Heritage and History – part 2

We use the term heritage almost without thinking about it, but it is worth knowing a bit about how the heritage movement has developed and what it is actually about. This post is based on notes I have taken from the book “The Heritage Obsession” by Ben Cowell.

Heritage began with a concern for physical heritage – the bricks and stones of ancient buildings and monuments – but it has grown from that into a much wider remit. A working definition:

“an ongoing concern for the tangible and intangible remains of the past, for the benefit of present and future generations”

Cowell p10

The main thrust of my project is concerned with how we interpret the heritage we have. A key concern of mine is that the intangible heritage (eg the practice of faith) is presented alongside the tangible parts of ancient buildings.

Where and when did heritage begin?

This book is quite focussed on England’s past. The drive to acquire heritage around the world is said to be rooted in the custom of rich young British men doing their Grand Tour and bringing back interesting bits and pieces of historic stuff from other countries. This is how we end up with The British Museum, The Ashmolean and various other collections when private collections are subsequently donated to the nation. This custom, while bringing about the birth of archaeology as a discipline, also involves the destruction of a significant amount of in situ heritage.

To preserve or restore

By the 19th century, there are opposing arguments about whether ancient ruins should be left as ruins or restored. Should monuments in danger of further ruination be prevented from deteriorating further, or not?

Sir Walter Scott and others writing in the 19th century romanticised the olden days, “an indeterminate period in English History that lay somewhere between the fifteenth and seventeenth centuries” (Cowell, p55).

John Ruskin has a significant influence on the philosophy of heritage and argues passionately against restoration (thus avoiding pastiche), but in favour of maintenance to prevent deterioration. He coins the idea of the ‘Great Entail’ – that buildings belong to both past and future generations. He considers church buildings something of a special case – make only the changes necessary to Divine Worship. (Later leaders of heritage would probably dispute this allowance).

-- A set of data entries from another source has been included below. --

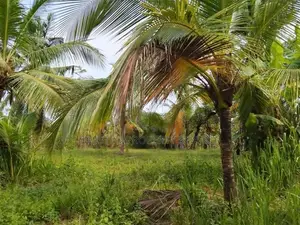 Narammala Land for Sale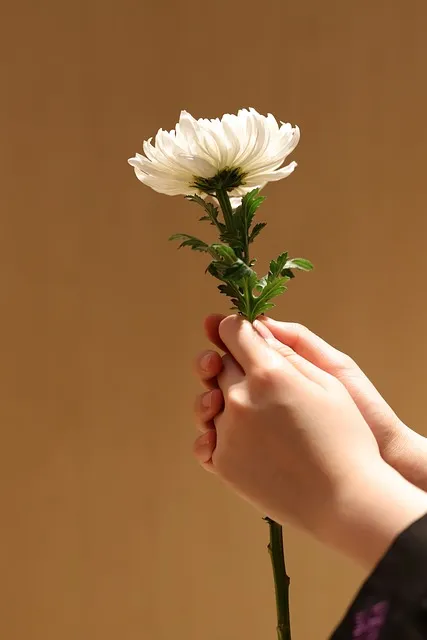 장례 위로예배 기도문 묵상 해석_2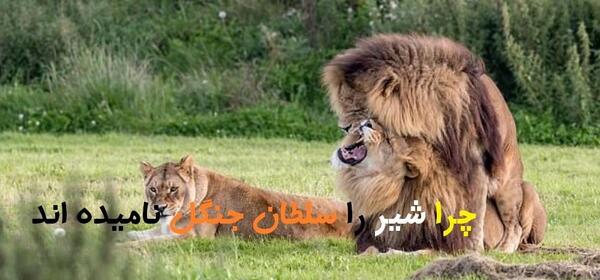 عکس نوشته سلطان جنگل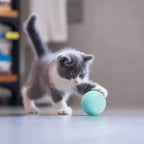 Happyball™ - Håller din katt underhållen när du inte är hemma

William Morris follows on and takes things further:

“Our ancient buildings are not mere ecclesiastical toys, but sacred monuments of the nation’s growth and hope”

William Morris, writing in The Athenaeum, quoted in Cowell, p76

Who pays? Who decides?

During the 19th century, there were several different approaches to heritage, each embodied by a particular exponent.

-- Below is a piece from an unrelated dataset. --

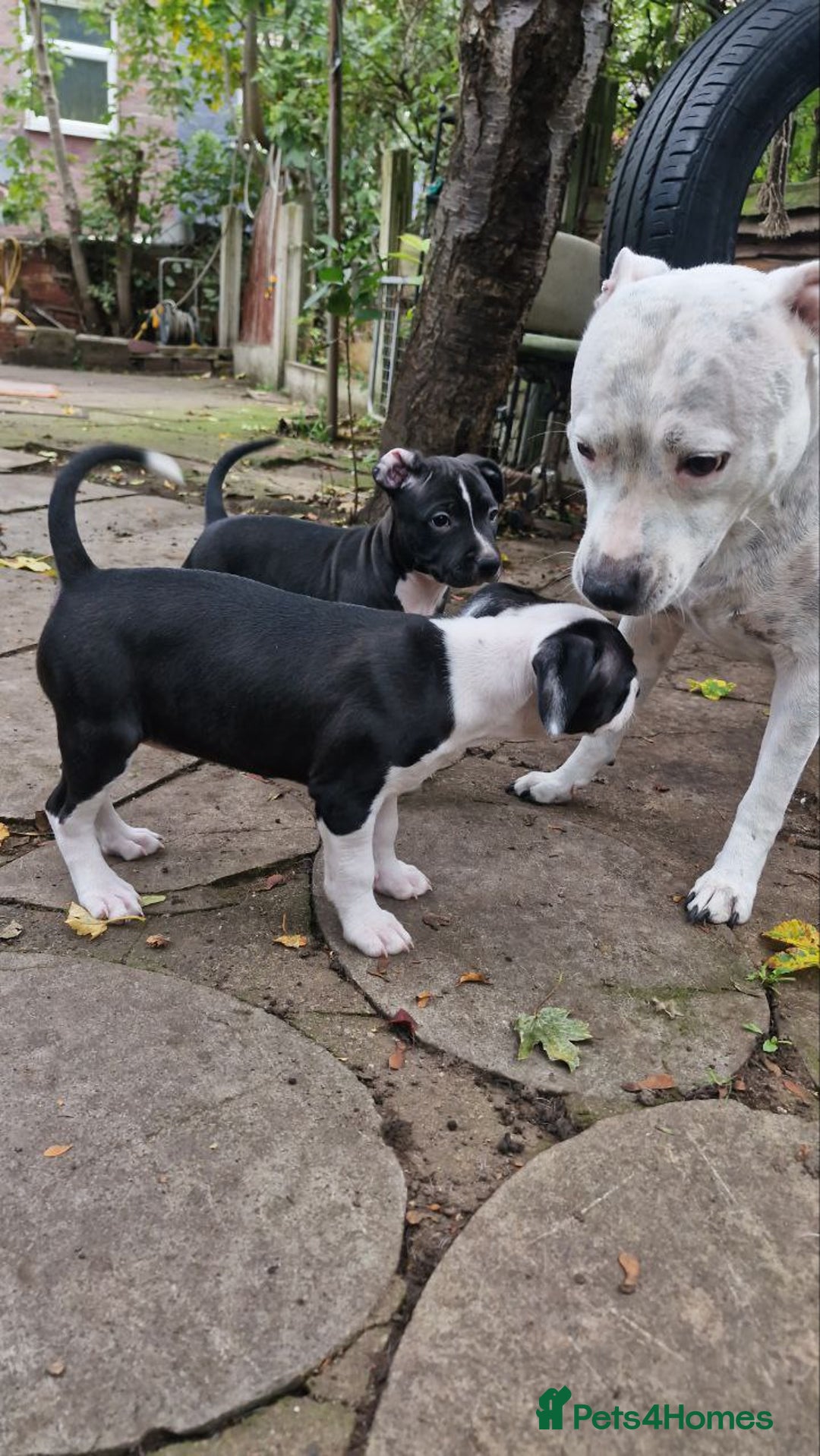 Mixed Breed dogs for sale: “Meet the Ones Who’ll Make Every Day Brighter.” - Image 4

  • Aubrey – it is up to the owners what they do with their heritage. Their responsibility, their decision.
  • Stukeley – independent bodies (e.g. Society for preservation of ancient monuments) name and shame those owners who are not living up to their responsibilities.
  • Lubbock – impose laws that require owners to comply with heritage

In the end, Lubbock’s view prevailed but the process of getting laws on the statute book was tortuous and lengthy.

Different classes of heritage

A distinction is made between Ancient Monuments and buildings in current use, including ecclesiastical buildings. A delicate balance is required to retain the support of those living in, or responsible for, significant buildings.

Ancient Monuments are protected by the Preservation of Ancient Monuments Act 1882, and subsequent amendments and updated legislation. Initially somewhat toothless, by mid-twentieth century, legislation gives power to compel preservation and require notice of any proposed changes to be given.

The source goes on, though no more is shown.